(Records from a dataset)
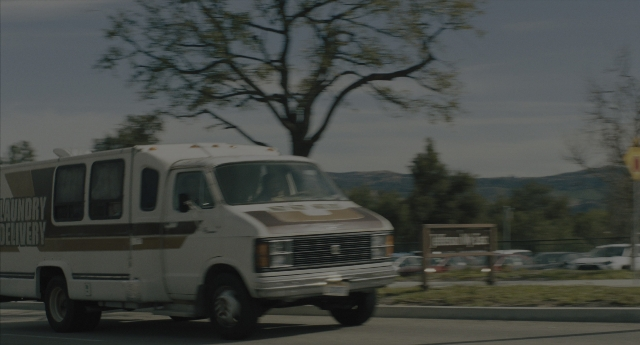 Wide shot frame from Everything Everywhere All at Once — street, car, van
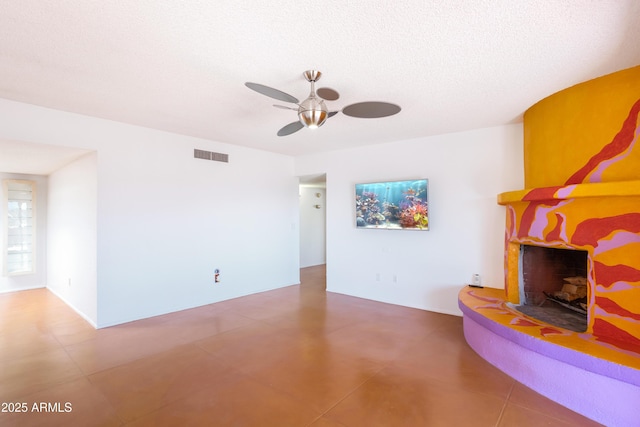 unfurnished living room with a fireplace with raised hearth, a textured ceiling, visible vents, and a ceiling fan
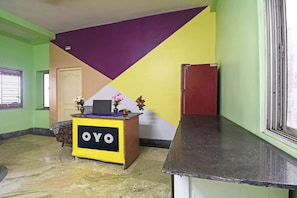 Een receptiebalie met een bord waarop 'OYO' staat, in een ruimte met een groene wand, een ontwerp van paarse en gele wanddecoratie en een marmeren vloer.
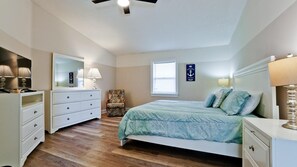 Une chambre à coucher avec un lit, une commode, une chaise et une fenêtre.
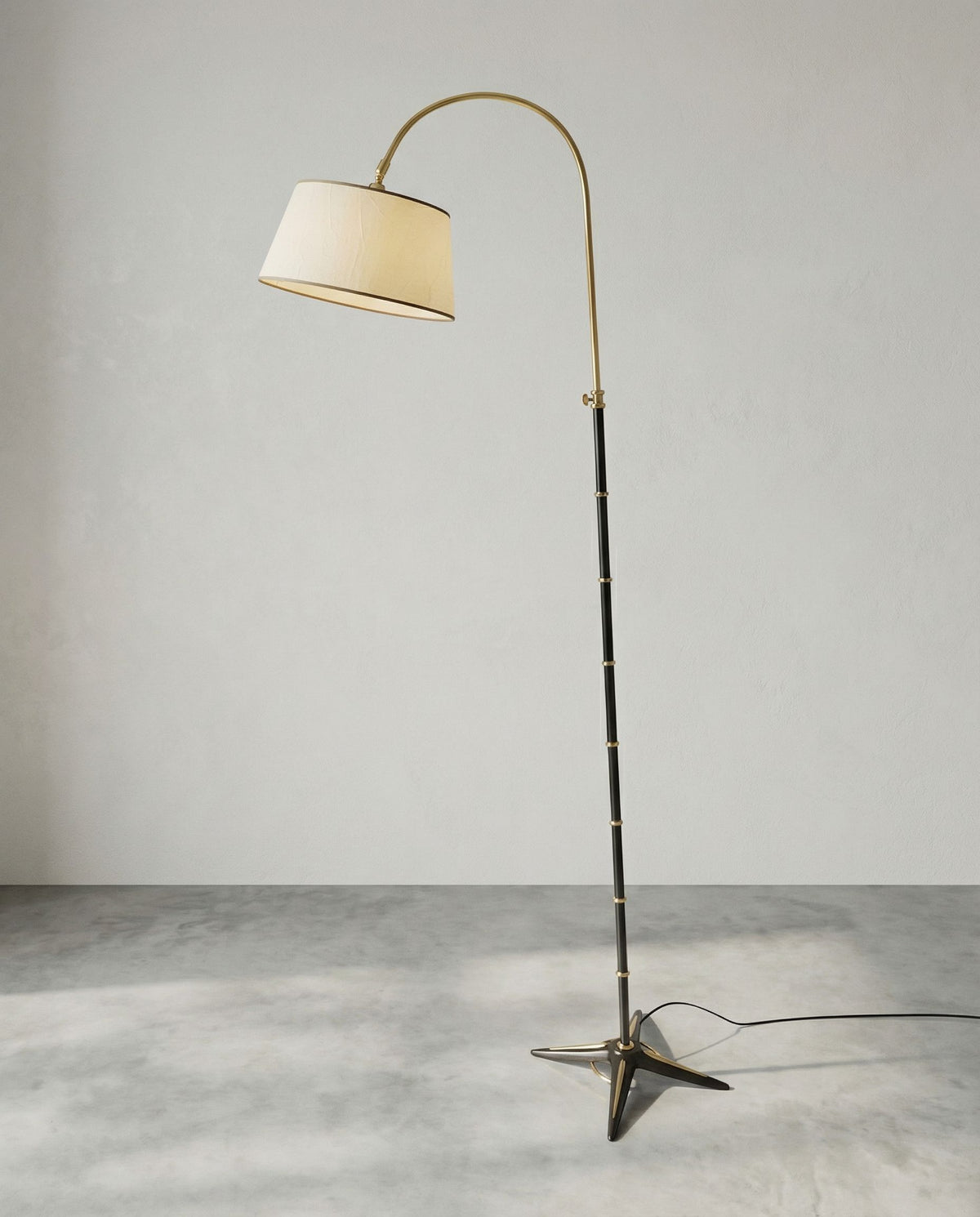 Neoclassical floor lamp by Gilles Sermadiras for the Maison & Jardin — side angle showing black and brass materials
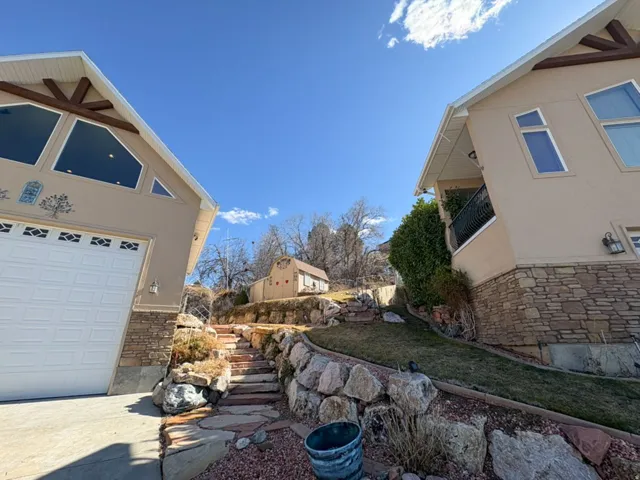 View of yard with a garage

■ What you need to do ■
Images stay out, but the rest of the data above must be repeated exactly.

■ Solution to the exercise ■
 Wide shot frame from Everything Everywhere All at Once — street, car, van
 unfurnished living room with a fireplace with raised hearth, a textured ceiling, visible vents, and a ceiling fan
 Een receptiebalie met een bord waarop 'OYO' staat, in een ruimte met een groene wand, een ontwerp van paarse en gele wanddecoratie en een marmeren vloer.
 Une chambre à coucher avec un lit, une commode, une chaise et une fenêtre.
 Neoclassical floor lamp by Gilles Sermadiras for the Maison & Jardin — side angle showing black and brass materials
 View of yard with a garage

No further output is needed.